**Assigned task:**
Copy, word for word, the lines of the listing below from the line with "If you now come" up to and including the line with "Apple has changed". Drop the pictures.

**Dataset entries:**
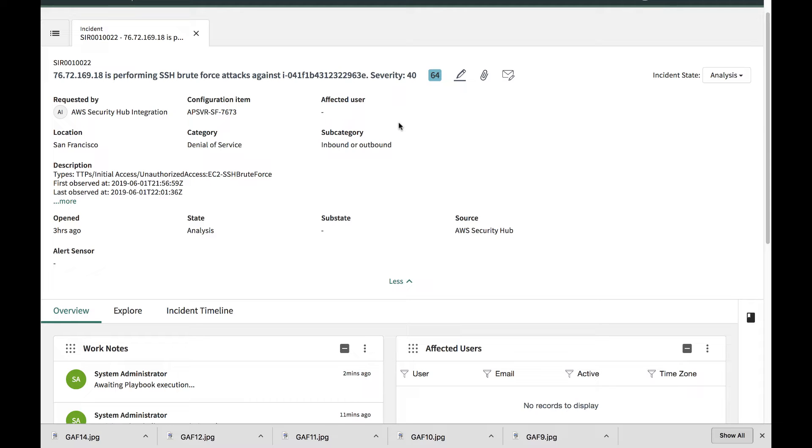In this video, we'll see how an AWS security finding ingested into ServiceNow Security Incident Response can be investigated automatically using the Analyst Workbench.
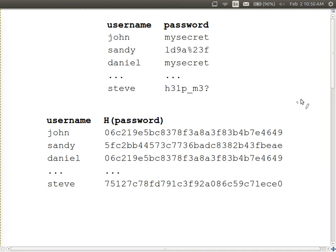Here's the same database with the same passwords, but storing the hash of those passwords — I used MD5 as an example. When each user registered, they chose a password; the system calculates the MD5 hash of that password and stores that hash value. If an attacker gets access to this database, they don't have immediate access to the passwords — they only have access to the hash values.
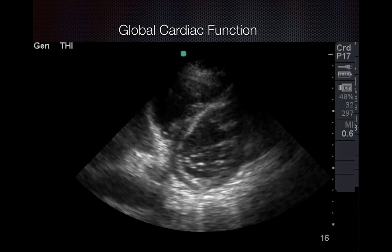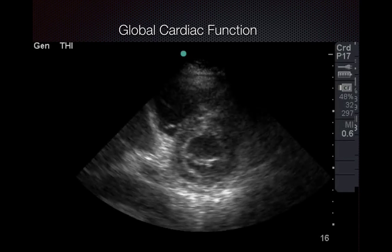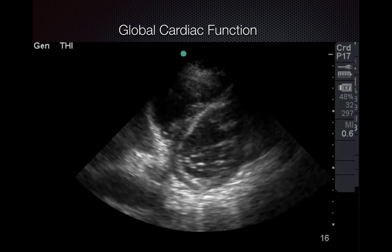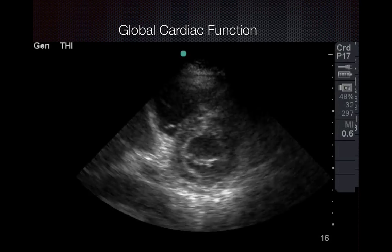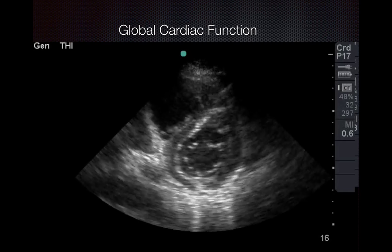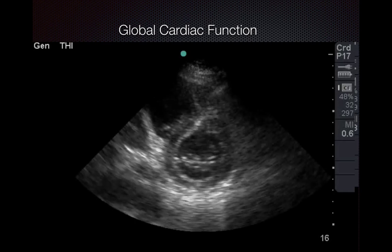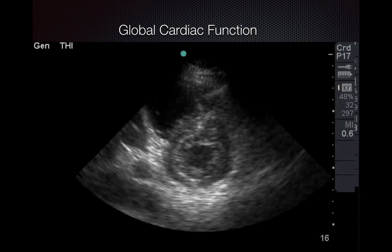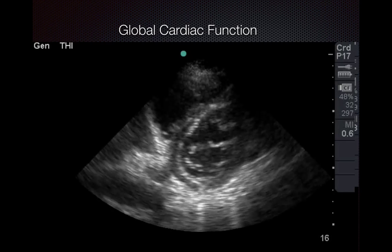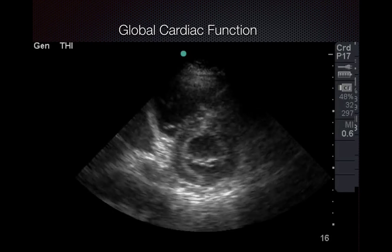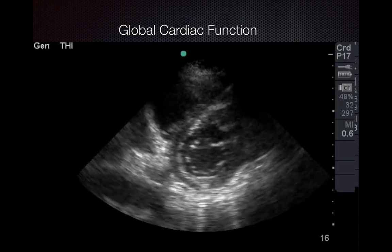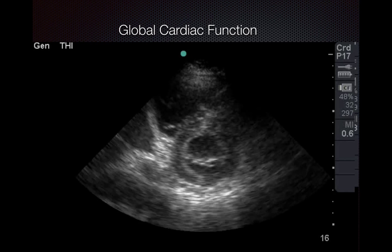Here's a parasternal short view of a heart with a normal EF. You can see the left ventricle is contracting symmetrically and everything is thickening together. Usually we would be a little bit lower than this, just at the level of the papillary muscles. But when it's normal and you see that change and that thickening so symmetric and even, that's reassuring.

==

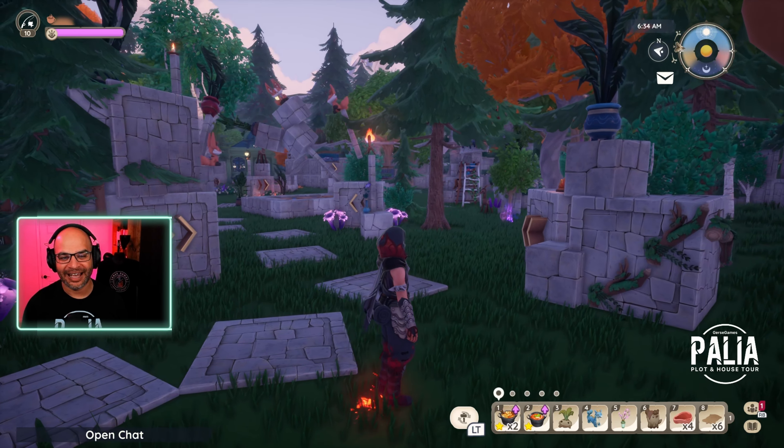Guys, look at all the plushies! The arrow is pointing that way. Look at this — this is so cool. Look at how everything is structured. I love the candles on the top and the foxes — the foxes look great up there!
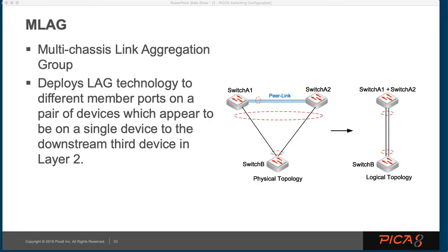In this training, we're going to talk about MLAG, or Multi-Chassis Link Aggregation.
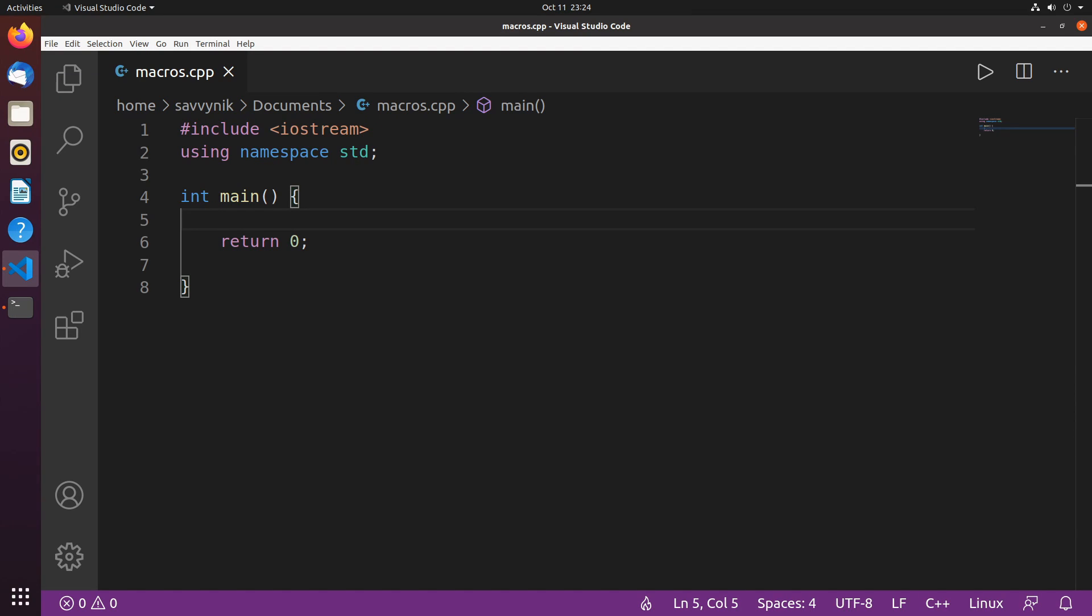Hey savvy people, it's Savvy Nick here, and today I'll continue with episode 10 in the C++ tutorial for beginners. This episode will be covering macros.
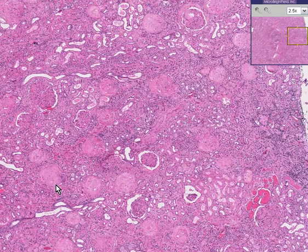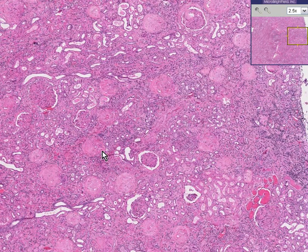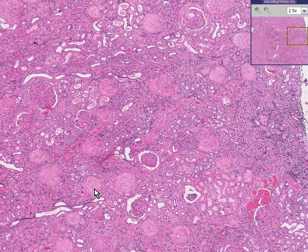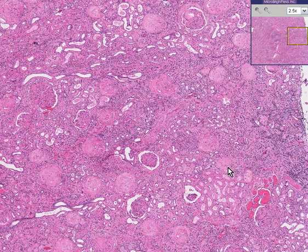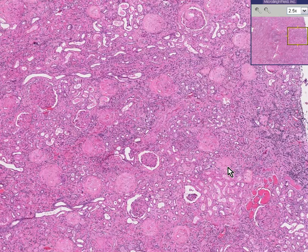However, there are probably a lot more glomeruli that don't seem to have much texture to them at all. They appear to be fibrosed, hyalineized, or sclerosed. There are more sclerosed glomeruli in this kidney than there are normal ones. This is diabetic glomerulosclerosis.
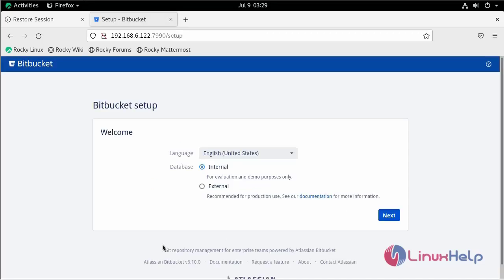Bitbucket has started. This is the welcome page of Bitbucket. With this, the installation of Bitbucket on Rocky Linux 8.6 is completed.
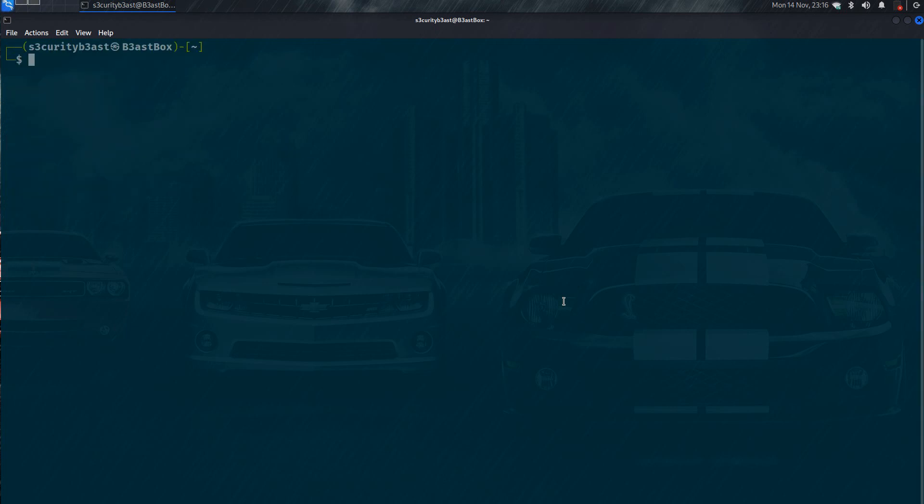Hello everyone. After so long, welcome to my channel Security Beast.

* * *

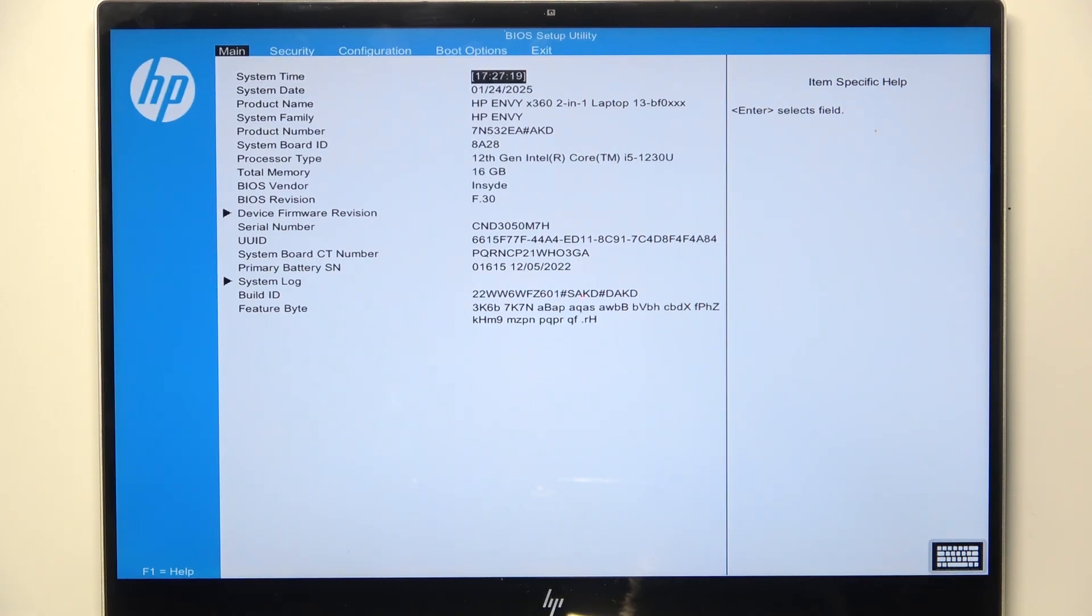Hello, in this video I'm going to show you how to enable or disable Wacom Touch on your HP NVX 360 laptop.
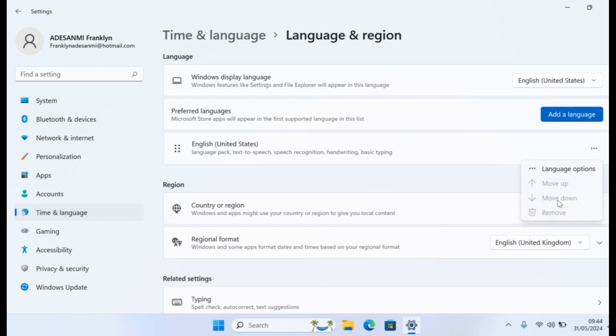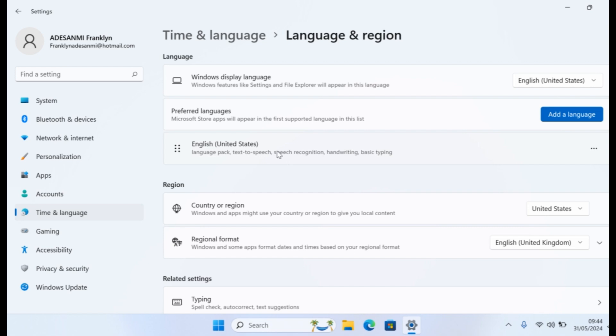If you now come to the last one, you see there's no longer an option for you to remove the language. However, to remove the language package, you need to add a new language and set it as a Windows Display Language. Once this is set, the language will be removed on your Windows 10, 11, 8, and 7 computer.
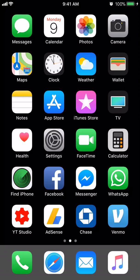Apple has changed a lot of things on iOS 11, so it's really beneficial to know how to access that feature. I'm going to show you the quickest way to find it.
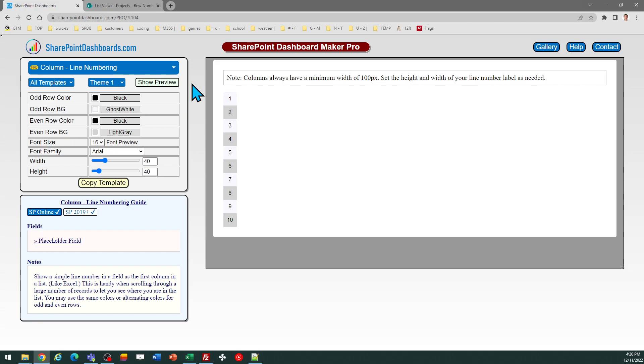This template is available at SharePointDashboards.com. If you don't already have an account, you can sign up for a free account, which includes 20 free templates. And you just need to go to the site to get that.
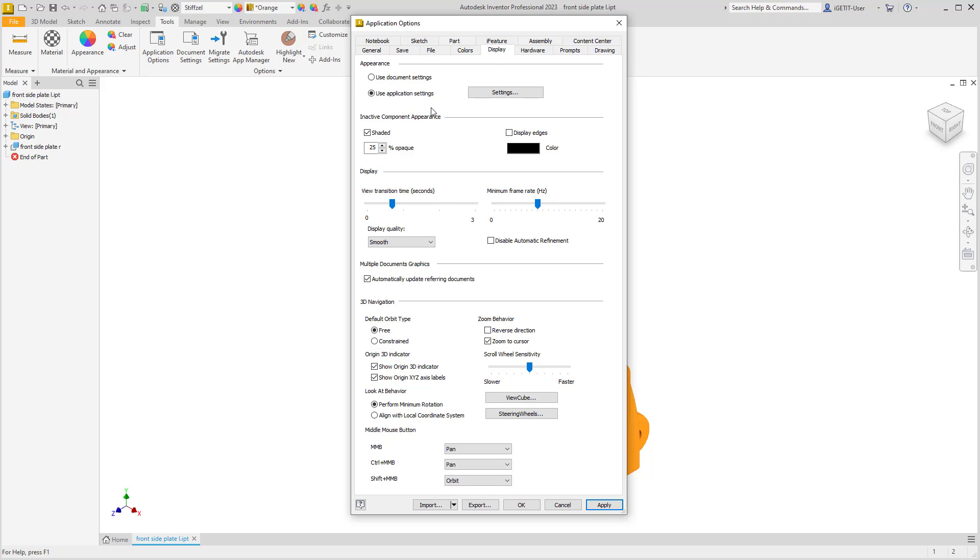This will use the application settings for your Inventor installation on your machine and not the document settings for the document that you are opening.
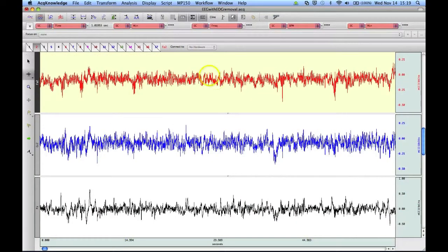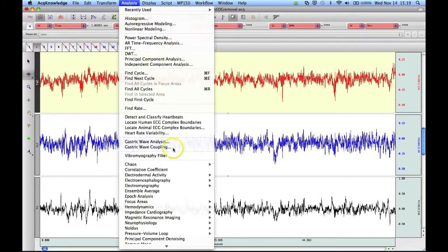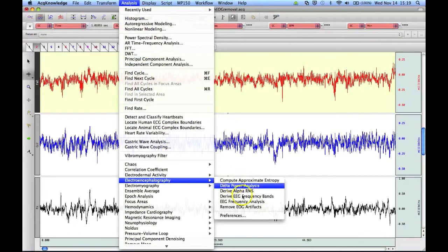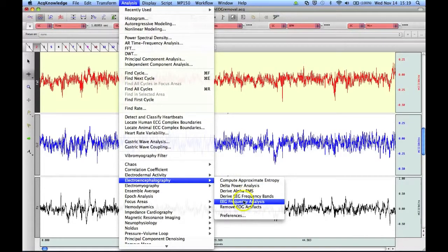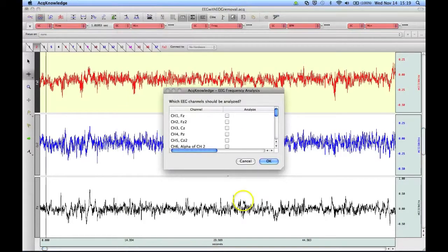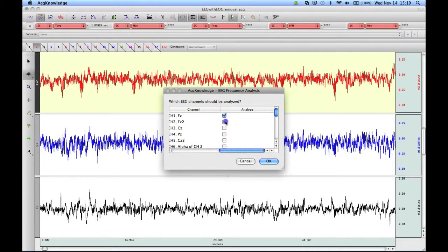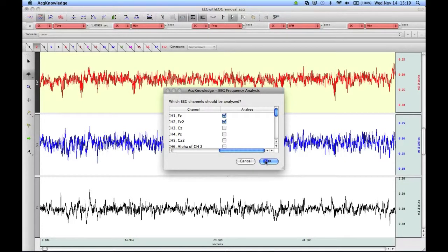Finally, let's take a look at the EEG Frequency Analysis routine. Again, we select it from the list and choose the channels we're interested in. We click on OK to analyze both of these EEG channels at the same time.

**Answer to this task:**
If you now come to the last one, you see there's no longer an option for you to remove the language. However, to remove the language package, you need to add a new language and set it as a Windows Display Language. Once this is set, the language will be removed on your Windows 10, 11, 8, and 7 computer.
Apple has changed a lot of things on iOS 11, so it's really beneficial to know how to access that feature. I'm going to show you the quickest way to find it.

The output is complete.